Mesafe kaydedilemiyorsa ilk kabullenme gözden geçirilmelidir
(3) Ama en önemlisi bu arayışların peşinde olanlar, yani bilimi ancak teknolojinin sunduğu olanaklar çerçevesinde götürmeye çalışanlar, onlara öğretilmiş olanın, yani bildiklerinin, “genel geçer kesin kural” olduğu saplantısı içindedir. Yukarıda saydıklarımıza göre bu üçüncüsü en ağırıdır, zira ilk kabullenmenin “yanlış, geçersiz ya da çok az geçerli” olması durumunda, sonradan üzerine konan bilgilerin yorumu da hep hatalı olacaktır. Zira bilimsel metodoloji bir şeyin doğru olduğunu kabul ettiğinde, sonraki bulgularını da o doğru üzerinden kurgulayarak açıklar. Yeni bulgular önceki kabullenmeyle ilişkili olmadığı sürece zaten bilimsel sürece herhangi bir etkileri olmaz (mesela yeni bir molekülün tanımlanmış olması mevcut kurguyu başlangıçta hiç değiştirmez). Dahası “kabullenme” denilen durum zaten çok güçlüdür, o nedenle kabullenilmek zorunda kalınmıştır. Ne var ki yapılan bütün yeni araştırmalara ve biriken bilgiye karşılık, amaca yönelik bir ilerleme kaydedilemiyorsa, bu durumda ilk kabullenmenin doğru olup olmadığı, hangi koşullar altında kabullenildiği de gözden geçirilmek zorundadır. Aksi takdirde bilime para harcamanın ortaya çıkacak ürün ve türevleri, birkaç patent ve bunların sağladığı kazanç dışında bir getirisi olamayacaktır.
Dünya evrenin merkezi olsa ne olur, olmasa ne olur?
Şimdi bu düşünce biçimini eski yanılsamalarını da kapsayacak şekilde gözden geçirmeye çalışalım. Gerçekten doğru kabullenmeler önemlidir, günlük yaşamımızı aslında hiç ilgilendirmeyebilir, ama genel-geçer görüşün değişmesiyle birlikte yeni alanların ve bakış biçimlerinin ortaya çıkmasını sağlar. Örneğin Kopernik, Galileo ya da Kepler dünya merkezli bir evren değil, güneş merkezli bir gezegenler sistemi ve merkezinin neresi oldu bilinmeyen bir evren biçimi ileri sürmüşlerdir.

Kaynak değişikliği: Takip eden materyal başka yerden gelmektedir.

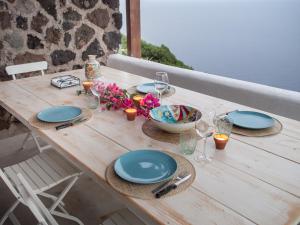 スカウリにあるDammuso sulla scogliera - Pantelleriaの木製テーブル(皿、ワイングラス付)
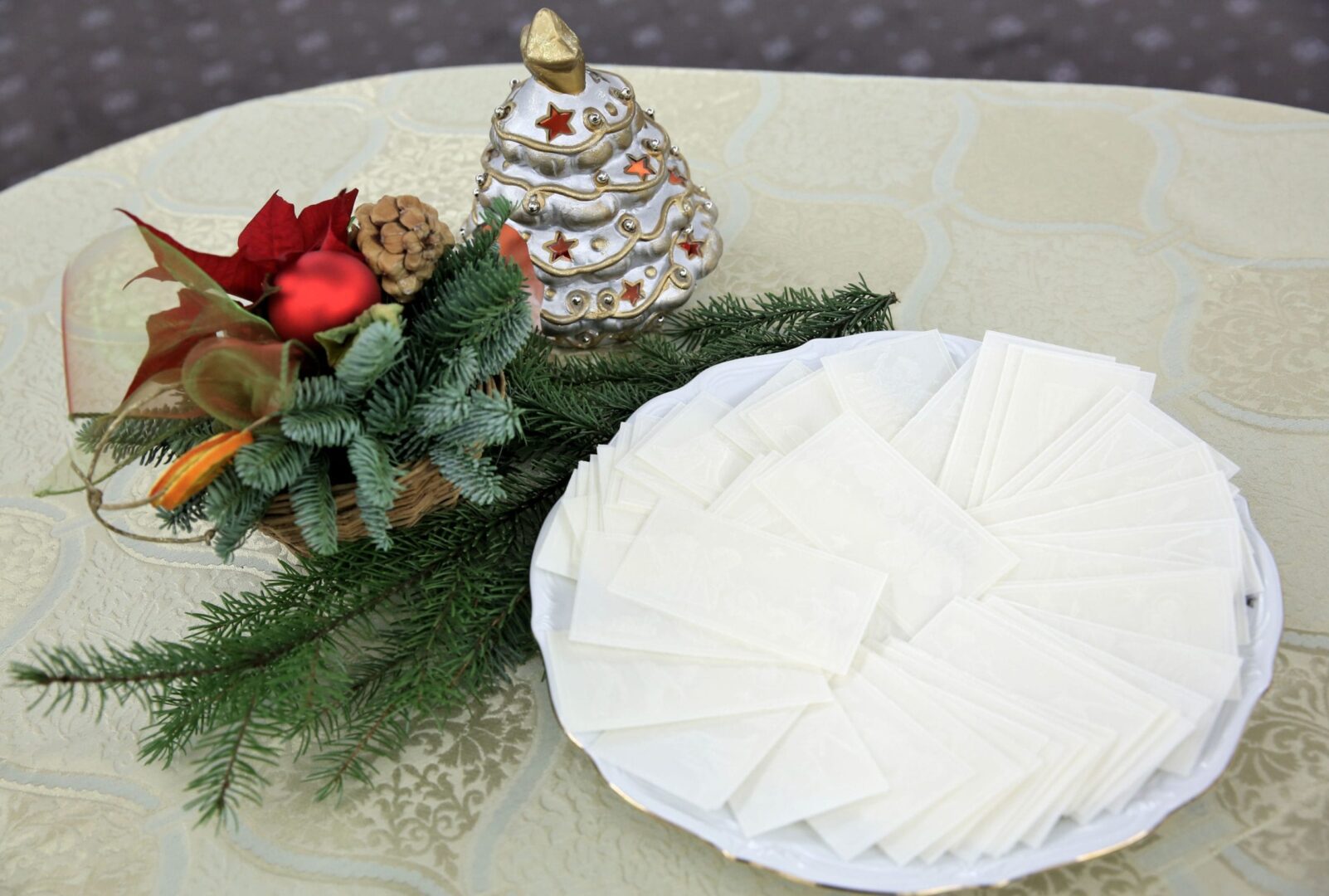 Białe opłatki ułożone na talerzu, obok świątecznej ozdoby.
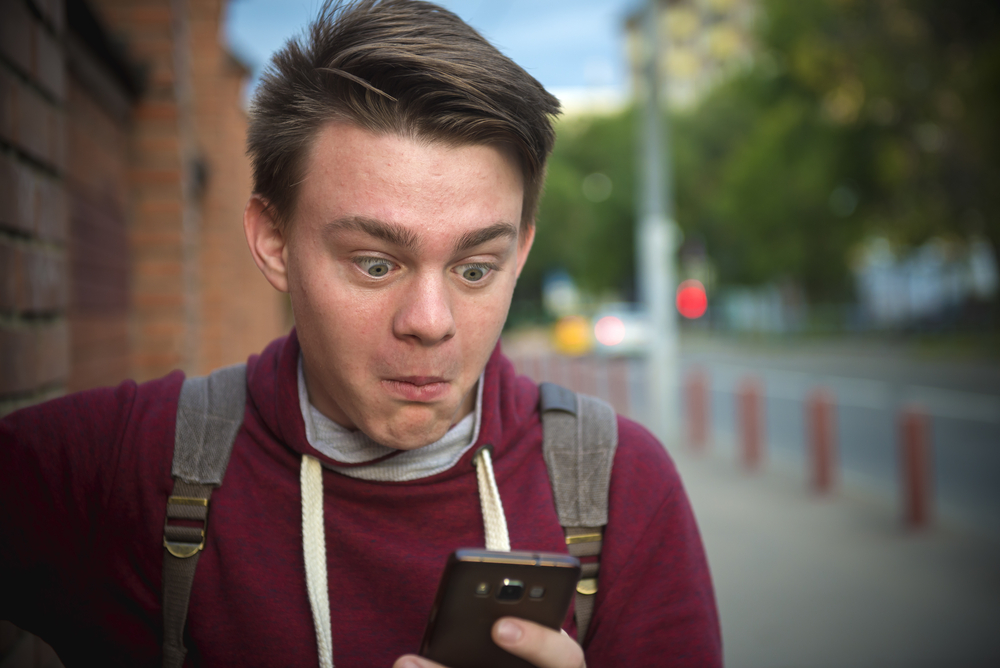 Shocked teenager looking at phone with eyes wide open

Kutsal kitaplarda dünyanın evrenin merkezi olduğuna dair bir bildirim olmasa da, bu görüş kiliseyle çeliştiğinden büyük bir kırılma noktasını oluşturmuş, bilimin Tanrı ve yaratılış düşüncesinden neredeyse tamamen uzaklaşmasıyla sonuçlanmış, ortaya çıkan boşluktan da pozitif bilim ve evrim düşünceleri filizlenmiştir.
Oysa işin özüne bakıldığında dünyanın evrenin merkezi olup olmadığı ya da gerçek merkezin nerede bulunduğu gibi kavramların günlük yaşamımızla ilişkisi “sıfırdır”; güneş doğar ve batar, mevsimler yaşanır, bunların sonucu olarak “var olduğunu düşündüğümüz zaman” akıp geçer (aslında akıp geçmekte olan bir zamanın varlığı da kabullenmedir). Dolayısıyla Kopernik, Galileo ve Kepler bilimsel süreç açısından çok şeyi değiştirseler de, sundukları yeni modelin günlük yaşamımıza doğrudan pratik bir etkisi yoktur.
Sarkacın diğer ucunda, yani bugün varılan noktada ise bu kez bilim camiası kendi düşüncelerini (mesela evrim ya da metastaz kavramında olduğu üzere), aynen kilise hakimiyeti dönemine benzer biçimde “sorgulanamaz tek gerçeklik” olarak kabul etmektedir. Kansere bakış açısı değişmesi, biyolojik neden-sonuç ilişkisinin kurulabilmesi işte bu nedenle çok önemlidir; hastalık “pratik anlamda” önlenebileceği gibi, biyolojinin temel prensipleri bile değişebilir.